Спешу по тропинке мимо каменных клумб. Я хочу только переодеться, взять деньги и телефон и уехать к папе. Молюсь, чтобы у меня получилось это сделать очень быстро.
Дом встречает тишиной. Надеясь, что все разъехались по своим делам, я, стараясь не шуметь, снимаю берет и перчатки. Но не успеваю даже сложить вещи на полку и расстегнуть куртку, как в спину прилетает мерзкий голос:
– Явилась. – Валентина, не скрывая отвращения, выходит из тени высокой пальмы, что растет в кадке в центре холла. Под четырехметровый потолок уходит ровный ряд мерцающих диодных лампочек. Новый год на носу.
Мачеха кривится и окидывает меня черным прищуренным взглядом: царапающим, будто коготь ястреба.
Я прячу папку за спиной и не знаю, что сказать. Сцепляю зубы и напяливаю на лицо безразличную маску.
– О, шлюшка вернулась, – в халатике ядовито-вишневого цвета, едва прикрывающем тощую попу, в гостиную выплывает Клава. Она что-то жует и грязными руками заводит черные патлы за ухо.
– Зачем ты так? – тихо говорю я и утыкаю взгляд в пол. Зря ляпнула. Плечи жмет от усталости и страха, а в голове полный кавардак.
Валентина делает несколько резких шагов ко мне, а я отступаю к стене и шарахаюсь немного в сторону, отчего щекой влетаю в наряженную елку.
– Только не говори, что мне за это барахло еще платить придется, – фыркает мачеха и снова колет взглядом, окидывая меня презрением с ног до головы.

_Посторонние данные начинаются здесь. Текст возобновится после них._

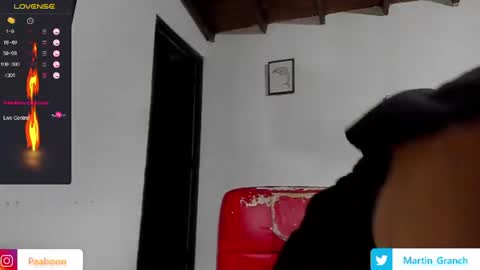 Snapshot of martin_granch chatting on June 22, 2026, 5:21 pm Martin Granch online show from June 22, 2026, 5:21 pm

Я делаю вид, что не заметила яда в ее голосе, отвечаю сдержанно и без тени злорадства:
– Не переживайте, я сама все оплачу.
– Если такая самостоятельная, зачем приперлась? Неужто жених после первой ночи выгнал? Надо было тебя под опытного мужика сначала подсунуть, чтобы не позорила семью.
– Мне нужно вещи взять, – терпеливо-осторожно говорю я и слежу за каждым ее движением. Она быстрая, как кобра. Я боюсь мачеху, но сейчас ниточка по имени «Генри» помогает мне не сдаваться.
– Может, тебя еще обедом угостить? – ехидничает Валентина.
Сестрица вторит ей мерзким смешком.
– Я ничего не хочу, спасибо, – стараюсь вкладывать вежливость в интонацию, хотя меня выворачивает наизнанку от неприятия и ярости. Держусь только ради отца и…
– Да кому эта мыша нужна? Я тебе говорила, мать, что она провалит мероприятие! – Сводная сестра запрокидывает голову и трясет черными волосами, они, как щетка для пола, трут худощавые плечи.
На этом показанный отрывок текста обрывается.